Re: [whatwg] behavior

Fri, 18 Sep 2009 07:21:48 -0700

On Fri, 18 Sep 2009 08:18:04 -0400, Boris Zbarsky <[email protected]> wrote:

On 9/18/09 4:57 AM, Michael A. Puls II wrote:
We (Gecko) consider it a bug that a display:none <object> in a
document doesn't instantiate the plug-in.

BTW, what is the reason for considering it a bug?

Because the current behavior of having the plug-in instantiation handled by effectively the CSS box means that any time that box changes (e.g. when you switch from display:block to display:inline) the plug-in is reinstantiated. Worse yet, it can be reinstantiated due to other unrelated DOM mutations, depending on what effect they have on CSS boxes. That's pretty undesirable.

O.K.

{
visibility: hidden;
width: 0;
height: 0;
padding: 0;
margin: 0;
line-height: 0;
font-size: 0
border: 0
}

is insufficient and or a pain when you want to load a plug-in but
completely hide it so it's as if it's not there layout-wise?

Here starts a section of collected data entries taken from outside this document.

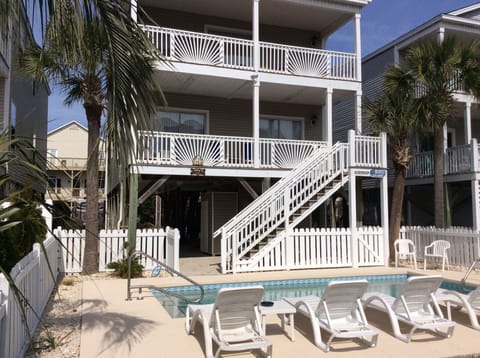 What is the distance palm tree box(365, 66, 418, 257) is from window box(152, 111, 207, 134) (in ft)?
20.7

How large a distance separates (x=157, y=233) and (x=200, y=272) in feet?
5.39

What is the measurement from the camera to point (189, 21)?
16531mm

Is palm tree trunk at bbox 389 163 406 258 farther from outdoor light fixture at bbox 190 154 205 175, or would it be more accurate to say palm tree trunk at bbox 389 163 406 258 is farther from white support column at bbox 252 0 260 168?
outdoor light fixture at bbox 190 154 205 175

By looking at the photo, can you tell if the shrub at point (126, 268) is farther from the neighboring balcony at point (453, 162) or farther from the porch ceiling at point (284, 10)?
the neighboring balcony at point (453, 162)

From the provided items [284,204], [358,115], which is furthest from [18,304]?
[358,115]

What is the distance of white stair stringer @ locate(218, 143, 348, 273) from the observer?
1205cm

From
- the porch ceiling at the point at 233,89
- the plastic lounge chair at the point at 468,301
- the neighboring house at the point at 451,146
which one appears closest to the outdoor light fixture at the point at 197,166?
the porch ceiling at the point at 233,89

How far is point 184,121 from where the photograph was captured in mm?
16703

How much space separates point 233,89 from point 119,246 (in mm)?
7268

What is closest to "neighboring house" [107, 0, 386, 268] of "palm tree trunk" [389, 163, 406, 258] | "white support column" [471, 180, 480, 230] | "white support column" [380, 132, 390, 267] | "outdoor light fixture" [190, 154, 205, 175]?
"outdoor light fixture" [190, 154, 205, 175]

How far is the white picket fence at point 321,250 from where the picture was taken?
12398mm

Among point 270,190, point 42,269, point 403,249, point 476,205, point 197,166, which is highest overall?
point 197,166

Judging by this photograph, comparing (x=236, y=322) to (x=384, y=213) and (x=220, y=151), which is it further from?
(x=384, y=213)

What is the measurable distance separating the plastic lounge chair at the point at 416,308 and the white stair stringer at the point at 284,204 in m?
5.81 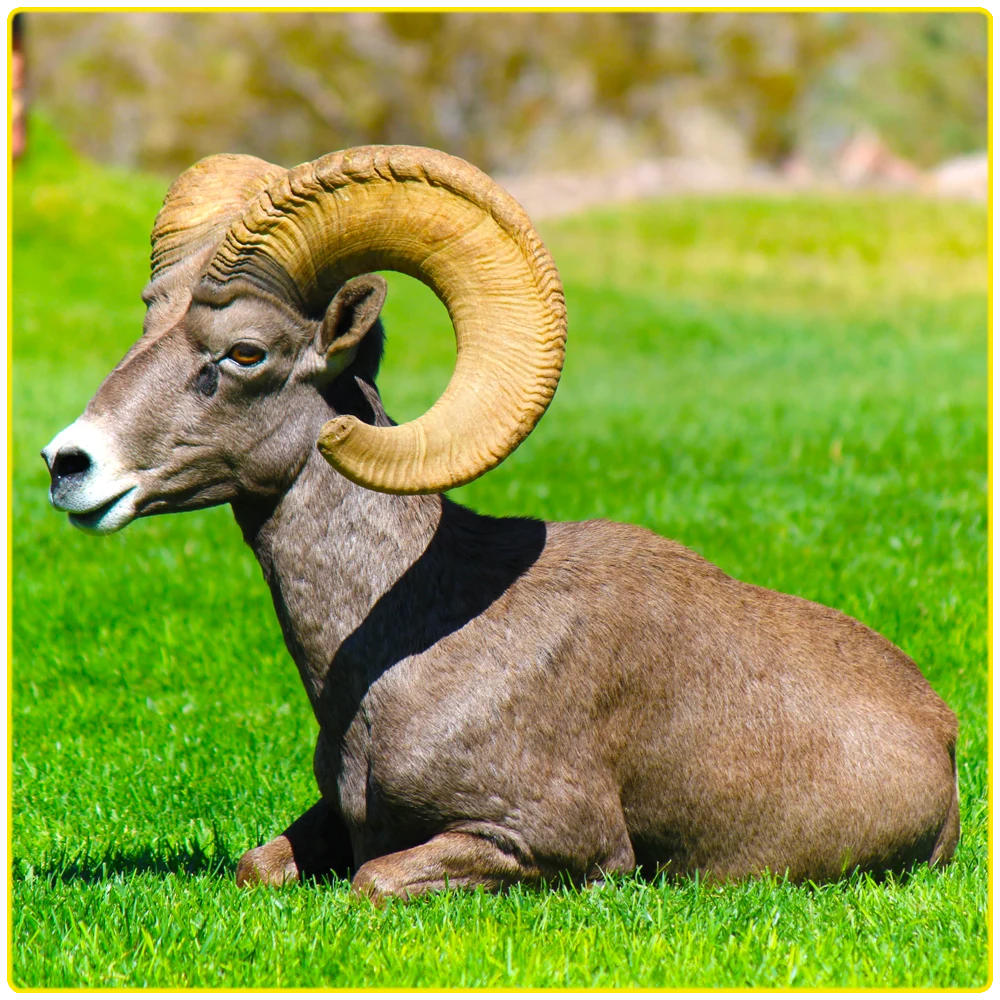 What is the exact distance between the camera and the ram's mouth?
197 inches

That CSS is a pain _and_ insufficient, depending on context. For example, consider the situation when the parent of that <object> is display:table-row.

O.K.

Do you know of any sites that would work better if the bug was fixed?

Looking at https://bugzilla.mozilla.org/show_bug.cgi?id=90268 and its duplicates and depenencies, at least:

http://reviewkaki.blogspot.com/
http://www.youtube.com/
Any site using Dojo 1.0.0 TabContainer with plug-ins in the tabs

and a number of cases where web site developers ended up having to work around this behavior or reported it without mentioning which site they were working on.

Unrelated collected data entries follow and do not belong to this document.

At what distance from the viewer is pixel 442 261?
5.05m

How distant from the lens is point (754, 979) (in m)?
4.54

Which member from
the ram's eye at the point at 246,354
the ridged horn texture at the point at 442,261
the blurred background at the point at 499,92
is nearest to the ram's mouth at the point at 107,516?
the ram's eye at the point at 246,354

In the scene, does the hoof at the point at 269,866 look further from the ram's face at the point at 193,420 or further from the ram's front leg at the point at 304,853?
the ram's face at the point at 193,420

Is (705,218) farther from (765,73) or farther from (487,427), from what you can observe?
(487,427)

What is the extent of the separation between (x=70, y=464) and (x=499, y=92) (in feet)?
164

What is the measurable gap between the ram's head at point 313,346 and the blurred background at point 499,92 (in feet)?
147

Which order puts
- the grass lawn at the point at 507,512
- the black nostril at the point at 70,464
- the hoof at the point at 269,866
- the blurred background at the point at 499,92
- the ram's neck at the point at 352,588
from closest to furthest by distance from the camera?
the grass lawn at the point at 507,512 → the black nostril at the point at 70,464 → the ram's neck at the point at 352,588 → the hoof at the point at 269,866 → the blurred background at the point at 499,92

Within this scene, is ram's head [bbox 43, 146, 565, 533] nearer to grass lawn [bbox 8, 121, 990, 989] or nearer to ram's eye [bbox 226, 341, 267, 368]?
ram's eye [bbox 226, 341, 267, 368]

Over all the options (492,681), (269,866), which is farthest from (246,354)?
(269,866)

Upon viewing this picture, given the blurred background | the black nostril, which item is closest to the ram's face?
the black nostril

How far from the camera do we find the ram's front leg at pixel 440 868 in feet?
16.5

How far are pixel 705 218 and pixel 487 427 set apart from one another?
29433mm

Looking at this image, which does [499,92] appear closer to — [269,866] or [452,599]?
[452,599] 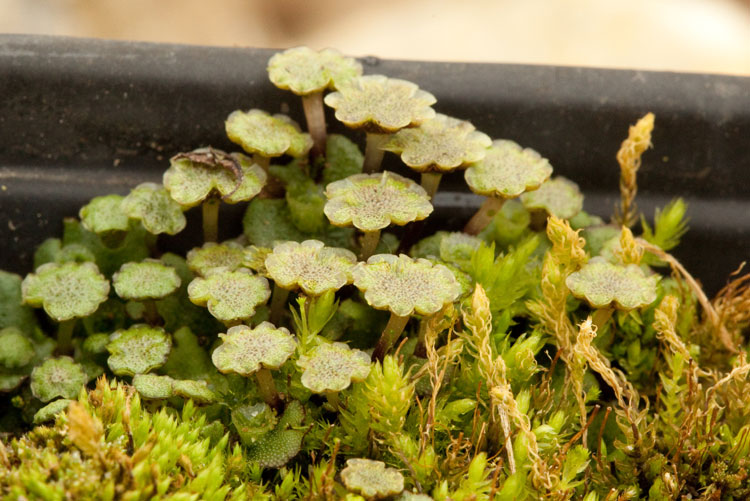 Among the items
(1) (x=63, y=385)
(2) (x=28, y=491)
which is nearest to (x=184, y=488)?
(2) (x=28, y=491)

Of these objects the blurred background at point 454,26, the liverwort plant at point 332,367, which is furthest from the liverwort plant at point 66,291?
the blurred background at point 454,26

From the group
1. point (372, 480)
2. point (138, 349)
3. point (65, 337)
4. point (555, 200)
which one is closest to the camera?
point (372, 480)

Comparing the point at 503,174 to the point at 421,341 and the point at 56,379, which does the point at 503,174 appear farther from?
the point at 56,379

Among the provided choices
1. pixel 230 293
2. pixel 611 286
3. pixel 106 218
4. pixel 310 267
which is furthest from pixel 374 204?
pixel 106 218

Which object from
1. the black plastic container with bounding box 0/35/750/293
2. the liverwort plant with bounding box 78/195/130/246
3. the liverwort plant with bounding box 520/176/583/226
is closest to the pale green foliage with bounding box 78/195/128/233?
the liverwort plant with bounding box 78/195/130/246

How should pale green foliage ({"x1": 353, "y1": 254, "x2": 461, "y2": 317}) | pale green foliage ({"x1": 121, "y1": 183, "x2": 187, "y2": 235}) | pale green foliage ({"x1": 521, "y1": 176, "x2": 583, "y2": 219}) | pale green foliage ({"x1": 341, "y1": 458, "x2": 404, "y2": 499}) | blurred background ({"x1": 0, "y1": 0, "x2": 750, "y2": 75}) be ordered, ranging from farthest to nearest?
blurred background ({"x1": 0, "y1": 0, "x2": 750, "y2": 75}), pale green foliage ({"x1": 521, "y1": 176, "x2": 583, "y2": 219}), pale green foliage ({"x1": 121, "y1": 183, "x2": 187, "y2": 235}), pale green foliage ({"x1": 353, "y1": 254, "x2": 461, "y2": 317}), pale green foliage ({"x1": 341, "y1": 458, "x2": 404, "y2": 499})

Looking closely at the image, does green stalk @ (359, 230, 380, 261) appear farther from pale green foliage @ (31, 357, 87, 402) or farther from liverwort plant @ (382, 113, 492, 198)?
pale green foliage @ (31, 357, 87, 402) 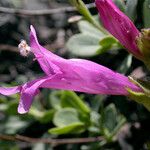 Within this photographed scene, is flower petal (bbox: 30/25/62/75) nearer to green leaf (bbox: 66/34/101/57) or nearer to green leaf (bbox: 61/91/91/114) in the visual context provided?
green leaf (bbox: 66/34/101/57)

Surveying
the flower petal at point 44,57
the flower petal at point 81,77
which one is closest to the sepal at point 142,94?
the flower petal at point 81,77

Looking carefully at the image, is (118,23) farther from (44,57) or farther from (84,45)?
(84,45)

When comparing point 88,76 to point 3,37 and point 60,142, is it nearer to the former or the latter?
point 60,142

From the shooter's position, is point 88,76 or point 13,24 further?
point 13,24

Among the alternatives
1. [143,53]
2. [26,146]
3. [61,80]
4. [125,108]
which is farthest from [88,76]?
[26,146]

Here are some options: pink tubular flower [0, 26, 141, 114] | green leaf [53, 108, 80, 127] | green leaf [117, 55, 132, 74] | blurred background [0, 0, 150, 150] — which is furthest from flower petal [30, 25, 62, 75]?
green leaf [53, 108, 80, 127]

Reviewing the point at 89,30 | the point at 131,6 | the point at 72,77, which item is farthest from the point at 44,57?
the point at 89,30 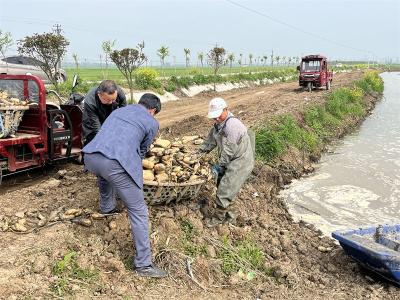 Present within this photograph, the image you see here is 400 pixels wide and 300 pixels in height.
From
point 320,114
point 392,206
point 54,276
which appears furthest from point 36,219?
point 320,114

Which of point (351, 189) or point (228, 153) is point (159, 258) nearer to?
point (228, 153)

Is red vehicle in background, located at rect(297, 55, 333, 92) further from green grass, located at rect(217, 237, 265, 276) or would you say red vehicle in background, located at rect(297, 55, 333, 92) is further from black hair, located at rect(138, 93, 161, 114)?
black hair, located at rect(138, 93, 161, 114)

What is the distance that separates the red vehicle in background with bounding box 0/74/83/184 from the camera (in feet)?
20.9

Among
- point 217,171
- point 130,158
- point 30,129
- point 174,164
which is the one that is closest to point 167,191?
point 174,164

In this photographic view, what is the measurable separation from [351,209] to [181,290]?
17.7 feet

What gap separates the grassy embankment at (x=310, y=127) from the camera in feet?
34.3

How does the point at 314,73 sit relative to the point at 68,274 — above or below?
above

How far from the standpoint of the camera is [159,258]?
4.74 metres

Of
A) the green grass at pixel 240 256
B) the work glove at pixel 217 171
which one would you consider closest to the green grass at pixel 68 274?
the green grass at pixel 240 256

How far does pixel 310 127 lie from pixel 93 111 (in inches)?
374

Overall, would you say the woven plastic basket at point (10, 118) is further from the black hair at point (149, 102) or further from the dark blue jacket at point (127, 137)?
the black hair at point (149, 102)

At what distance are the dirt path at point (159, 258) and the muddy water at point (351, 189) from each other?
5.30 ft

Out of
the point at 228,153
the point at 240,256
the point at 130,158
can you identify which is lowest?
the point at 240,256

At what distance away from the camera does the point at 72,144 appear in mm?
8047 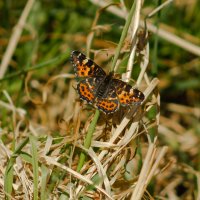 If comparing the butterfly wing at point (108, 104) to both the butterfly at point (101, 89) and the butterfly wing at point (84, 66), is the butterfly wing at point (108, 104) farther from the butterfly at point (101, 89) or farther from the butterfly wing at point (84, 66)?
the butterfly wing at point (84, 66)

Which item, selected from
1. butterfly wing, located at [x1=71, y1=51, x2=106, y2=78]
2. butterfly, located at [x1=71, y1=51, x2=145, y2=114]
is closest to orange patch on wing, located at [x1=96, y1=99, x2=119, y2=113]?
butterfly, located at [x1=71, y1=51, x2=145, y2=114]

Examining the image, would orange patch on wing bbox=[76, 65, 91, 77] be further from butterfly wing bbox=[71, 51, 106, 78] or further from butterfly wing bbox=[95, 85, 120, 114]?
butterfly wing bbox=[95, 85, 120, 114]

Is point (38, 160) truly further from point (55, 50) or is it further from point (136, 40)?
point (55, 50)

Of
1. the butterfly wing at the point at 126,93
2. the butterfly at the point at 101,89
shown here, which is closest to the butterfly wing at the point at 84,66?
the butterfly at the point at 101,89

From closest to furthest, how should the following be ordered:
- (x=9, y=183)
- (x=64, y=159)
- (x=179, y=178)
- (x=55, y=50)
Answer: (x=9, y=183), (x=64, y=159), (x=179, y=178), (x=55, y=50)

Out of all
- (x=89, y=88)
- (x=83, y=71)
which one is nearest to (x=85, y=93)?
(x=89, y=88)

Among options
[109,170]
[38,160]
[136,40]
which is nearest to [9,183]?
[38,160]

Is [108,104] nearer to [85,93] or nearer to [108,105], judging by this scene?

Funny enough, people want to be able to set paused Flash videos to display:none and back without losing their position in the video....

Thanks for this.

Know any sites that'd break or begin to unexpectedly load a bunch of
<object>'s that weren't meant to be loaded yet?

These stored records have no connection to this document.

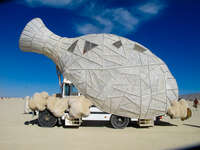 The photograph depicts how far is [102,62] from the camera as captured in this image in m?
9.23

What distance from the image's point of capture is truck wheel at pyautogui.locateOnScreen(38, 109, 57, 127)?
9023 mm

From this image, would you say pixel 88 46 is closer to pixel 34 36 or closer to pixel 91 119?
pixel 34 36

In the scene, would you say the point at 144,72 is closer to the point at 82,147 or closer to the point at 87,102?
the point at 87,102

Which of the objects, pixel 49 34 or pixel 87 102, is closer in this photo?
pixel 87 102

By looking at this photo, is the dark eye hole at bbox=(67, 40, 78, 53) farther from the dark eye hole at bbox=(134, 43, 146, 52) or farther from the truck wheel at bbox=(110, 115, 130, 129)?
the truck wheel at bbox=(110, 115, 130, 129)

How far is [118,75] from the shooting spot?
8.95 m


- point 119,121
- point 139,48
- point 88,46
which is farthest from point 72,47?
point 119,121

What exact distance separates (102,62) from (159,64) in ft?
10.6

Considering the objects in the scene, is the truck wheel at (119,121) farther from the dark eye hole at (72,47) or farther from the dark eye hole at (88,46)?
the dark eye hole at (72,47)

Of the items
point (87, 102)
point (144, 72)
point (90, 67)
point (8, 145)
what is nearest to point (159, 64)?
point (144, 72)

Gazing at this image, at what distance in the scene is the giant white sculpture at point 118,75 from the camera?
8.84m

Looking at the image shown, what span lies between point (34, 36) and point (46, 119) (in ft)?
17.0

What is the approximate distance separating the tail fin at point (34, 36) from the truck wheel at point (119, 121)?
610 centimetres

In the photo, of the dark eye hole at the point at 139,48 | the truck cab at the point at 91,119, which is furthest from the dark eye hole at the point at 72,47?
the dark eye hole at the point at 139,48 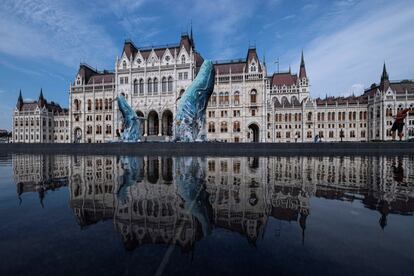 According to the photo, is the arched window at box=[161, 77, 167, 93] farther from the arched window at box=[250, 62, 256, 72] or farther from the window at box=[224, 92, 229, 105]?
the arched window at box=[250, 62, 256, 72]

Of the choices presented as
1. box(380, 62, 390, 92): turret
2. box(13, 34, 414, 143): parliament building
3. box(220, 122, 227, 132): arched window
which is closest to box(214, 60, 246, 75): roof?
box(13, 34, 414, 143): parliament building

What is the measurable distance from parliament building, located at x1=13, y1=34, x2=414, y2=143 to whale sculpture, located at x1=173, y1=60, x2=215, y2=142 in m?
20.7

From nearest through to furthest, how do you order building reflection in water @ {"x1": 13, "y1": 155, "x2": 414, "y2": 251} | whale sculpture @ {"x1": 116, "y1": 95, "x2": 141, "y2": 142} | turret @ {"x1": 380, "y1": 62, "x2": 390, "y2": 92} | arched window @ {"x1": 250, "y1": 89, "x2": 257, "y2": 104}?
building reflection in water @ {"x1": 13, "y1": 155, "x2": 414, "y2": 251} < whale sculpture @ {"x1": 116, "y1": 95, "x2": 141, "y2": 142} < arched window @ {"x1": 250, "y1": 89, "x2": 257, "y2": 104} < turret @ {"x1": 380, "y1": 62, "x2": 390, "y2": 92}

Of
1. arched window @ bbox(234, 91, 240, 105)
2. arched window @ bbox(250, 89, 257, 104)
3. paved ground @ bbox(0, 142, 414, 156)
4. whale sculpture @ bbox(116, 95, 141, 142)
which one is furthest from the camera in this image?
arched window @ bbox(234, 91, 240, 105)

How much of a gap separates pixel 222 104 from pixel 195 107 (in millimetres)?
Answer: 28819

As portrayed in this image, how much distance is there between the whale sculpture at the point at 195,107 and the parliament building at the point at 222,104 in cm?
2074

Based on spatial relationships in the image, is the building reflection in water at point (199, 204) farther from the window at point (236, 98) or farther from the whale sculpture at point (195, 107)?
the window at point (236, 98)

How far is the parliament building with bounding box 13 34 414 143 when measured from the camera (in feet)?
183

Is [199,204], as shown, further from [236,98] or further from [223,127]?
[236,98]

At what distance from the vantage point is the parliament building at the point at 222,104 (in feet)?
183

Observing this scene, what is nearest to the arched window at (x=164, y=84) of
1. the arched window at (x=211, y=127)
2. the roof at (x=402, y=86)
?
the arched window at (x=211, y=127)

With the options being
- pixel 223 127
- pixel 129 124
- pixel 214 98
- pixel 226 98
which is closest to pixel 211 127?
pixel 223 127

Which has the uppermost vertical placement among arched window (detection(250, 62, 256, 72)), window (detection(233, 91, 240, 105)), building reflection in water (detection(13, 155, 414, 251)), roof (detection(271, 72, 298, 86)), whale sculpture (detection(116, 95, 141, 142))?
roof (detection(271, 72, 298, 86))

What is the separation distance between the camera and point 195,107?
94.7ft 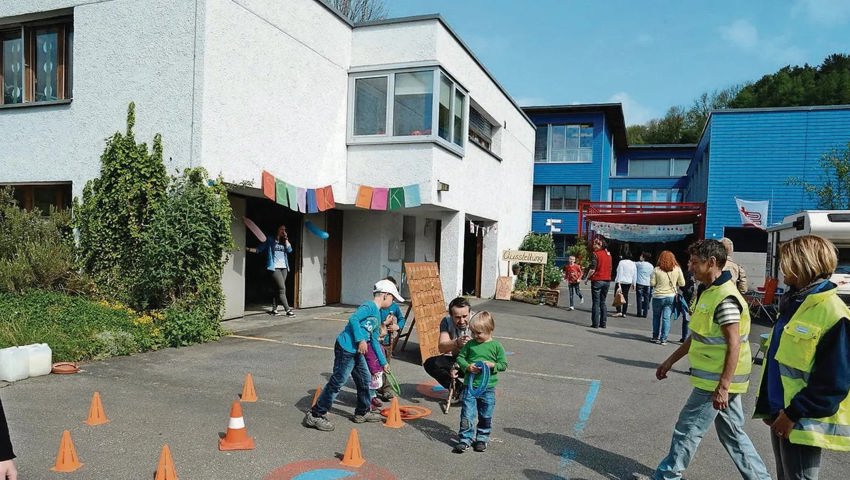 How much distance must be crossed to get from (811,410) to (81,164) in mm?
11445

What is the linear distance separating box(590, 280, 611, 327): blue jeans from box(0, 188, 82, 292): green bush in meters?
10.0

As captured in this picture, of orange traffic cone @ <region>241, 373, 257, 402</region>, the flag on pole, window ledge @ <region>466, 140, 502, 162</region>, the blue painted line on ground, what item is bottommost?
the blue painted line on ground

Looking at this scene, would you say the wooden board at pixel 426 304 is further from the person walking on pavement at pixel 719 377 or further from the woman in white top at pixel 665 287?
the woman in white top at pixel 665 287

Not sure, but since as far as I now Opera and IE both keep the plug-in alive when the CSS box goes away, as far as I can tell, I'm rather hoping there won't be many. Not sure what webkit's behavior is here. Want to test?

Attaching a test.

Results:

O.K., if the initial display state of the <object> is none, then Opera, Firefox, Safari and IE don't load the plug-in.

Then, once you set the display to inline, inline-block, block or table for example, the <object> will display and fire up the plugin.

Then:

In Opera:

If you switch the display to none, it destroys the plug-in instance. Setting the display to something else again doesn't restore the previous plug-in instance. It creates a new one that starts playing from the beginning.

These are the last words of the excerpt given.